The band describe themselves as ‘three polite wee rascals…. who make ugly, angular, noise-fused, math rock, consisting of drums, bass, and vocals’, and as such, belong to the city’s now well-established post-millennium tradition for producing seriously noisy bands who are bloody good. Many have fallen by the wayside, but a lineage of acts that includes Blacklisters, Hawk Eyes, That Fucking Tank, Holy State, Hora Douse, and yes, we’ll throw in Pulled Apart by Horses here, because they’re hardy quiet or genteel, speaks for itself.

I’ve caught them live a few times in the last couple of years, and have even performed on the same bill, exchanging books with front man Jack (I think Life Pervert is ace; I’ve no idea what he makes of The Rage Monologues). I’ve never once been disappointed by their performances, and it’s a reasonable expectation that Recipes from the Bible should sound like the work of a band who’ve been honing their material live for some time.

But by Christ, Irk really give it some here, and forge the title: this is a sonic concoction that cooks up the most unholy racket going. ‘I Bleed Horses’ begins with a howl and a barrage of frenetic drums and a mass of guitar racket. While you’re picking your jaw off the floor, check that tight, compressed, springy bass sound and the churning throb it produces that just about holds the whole squalling mess of discord together. Less that two and a half minutes in duration, the bled horses bleed out into ‘Life Changing Porno’, another unintelligible blizzard of noise that’s so chaotic it’s not always entirely clear if they’re all playing the same song: the tempo lurches unpredictably and whole racket collides in a spectacularly ugly explosion.

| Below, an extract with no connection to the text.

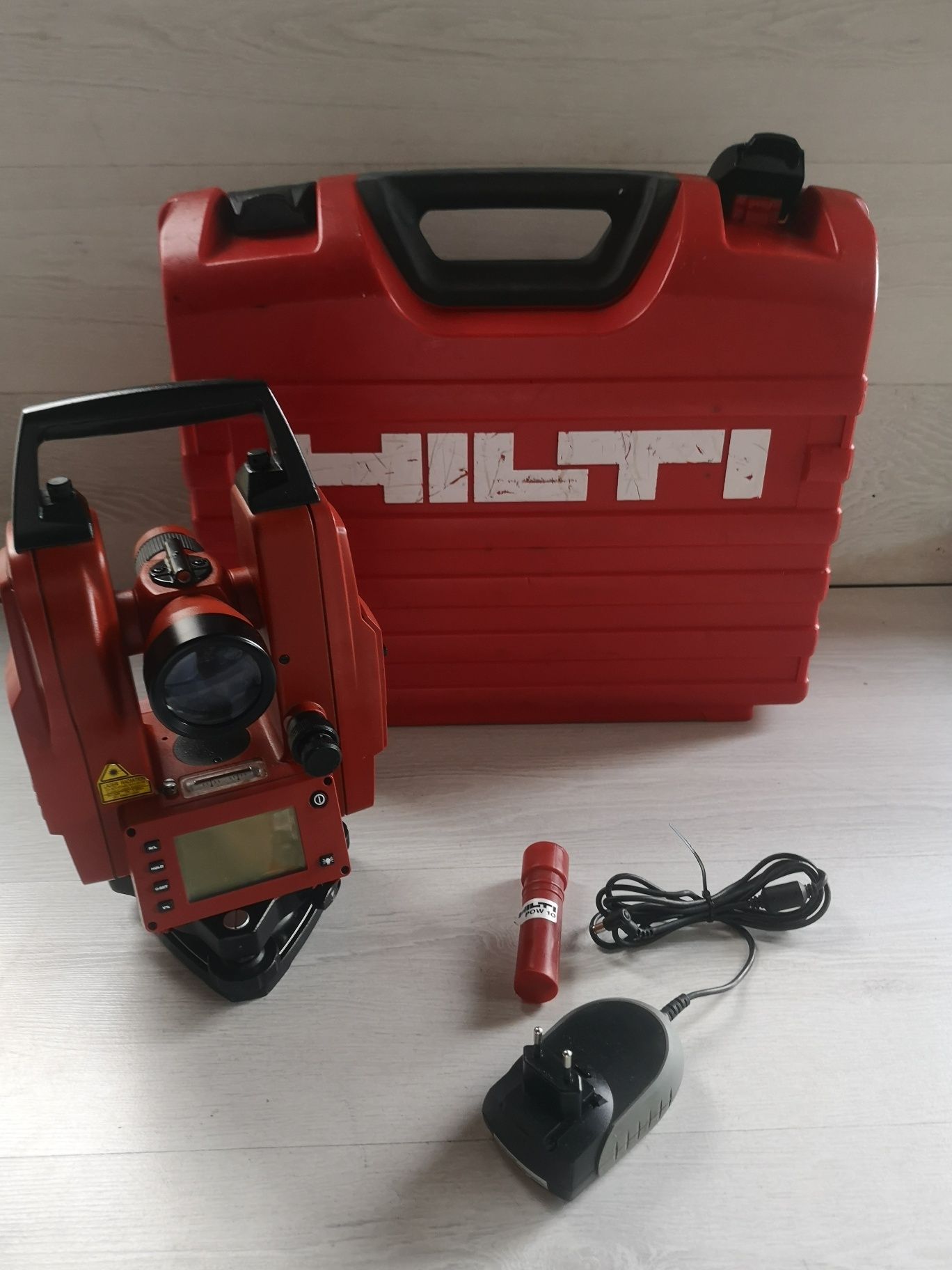 Nivela HILTI POT 10 Theodolite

The seven-minute ‘The Observatory’ built around a choppy, cyclical riff reminiscent of Bleach era Nirvana, and again, it’s the menacing bass that dominates as they forge a suffocatingly claustrophobic density. It’s about as close to respite as it gets: with the only other exception being the verses of the lumbering ‘The Healer’, Recipes from the Bible is relentless in its screaming mania and brutal angles. The wild sax action on ‘You’re My Germ’ could be free jazz in another context, but here, it just adds another level of crazed hysteria to the mix.

Taking obvious cues from Shellac and Blacklisters, it’s a set of sharp-cornered, serrated brutality that stops, starts, shudders, judders, jolts and jerks – but unlike Shellac, Jack’s raving, gibbering, rabid vocals break free from the tight limits of the coiled tension of math-rock tropes and instead cut loose and careen into the wild noise of The Jesus Lizard. Snarling, howling, drawling and slavering, there’s something cracked, even psychotic. In combination, it’s a tense, intense set that sound deranged, dangerous: at times, its really quite uncomfortable. That’s a clear measure of success.

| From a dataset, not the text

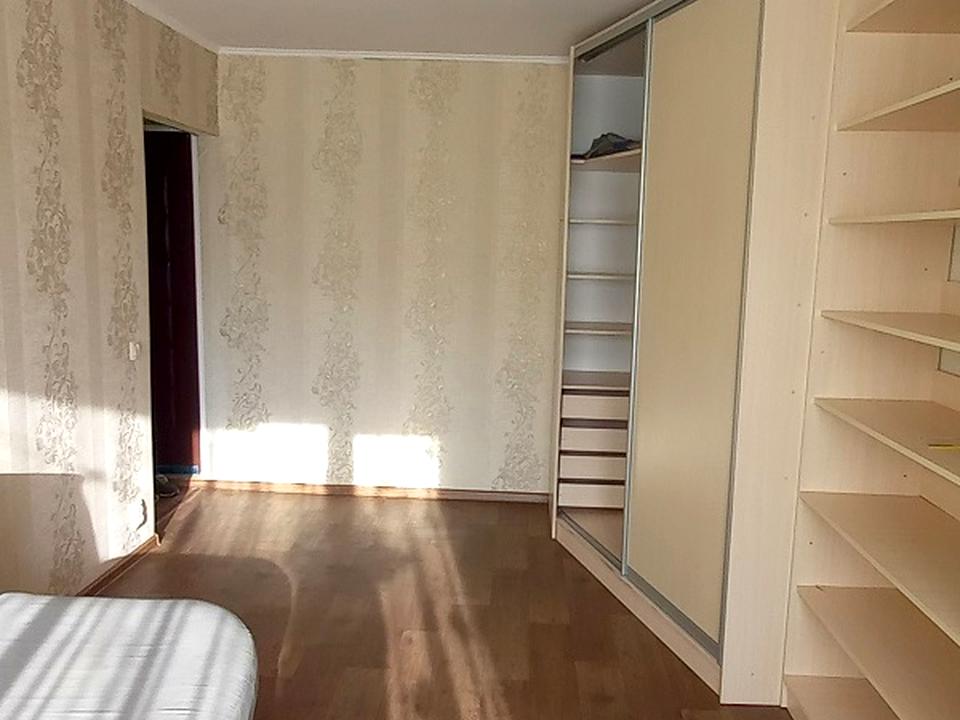 1840144701402244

Chances are, reviews will tout this as being ‘uncompromising’, not least of all on account of it’s being self-produced by the band (of course). But Recipes from the Bible goes beyond that. Way beyond. It harnesses the full force of the band: so often, bands draft in producers only for the sound to be polished, slickened, rendered overtly ‘studio’. By keeping things in-house, they’ve retained the rawness, and the sheer velocity and unbridled power that defined them, and the sonic vision remains unadulterated. And beneath all of distortion and dirt, the ragged, jagged edges and the feel of a style of playing that’s loose and uncontained, there’s a remarkable and deceptive degree of precision.

It’s hard to find fault with Recipes from the Bible: there isn’t a weak track or an ounce of fat. There’s no filler, and no slack. There’s not a moment of tameness or timidity, and instead, they bring top-level ferocity and relentless fury, and the chances are you’ll be hard-pushed to find a better noise-rock album this year.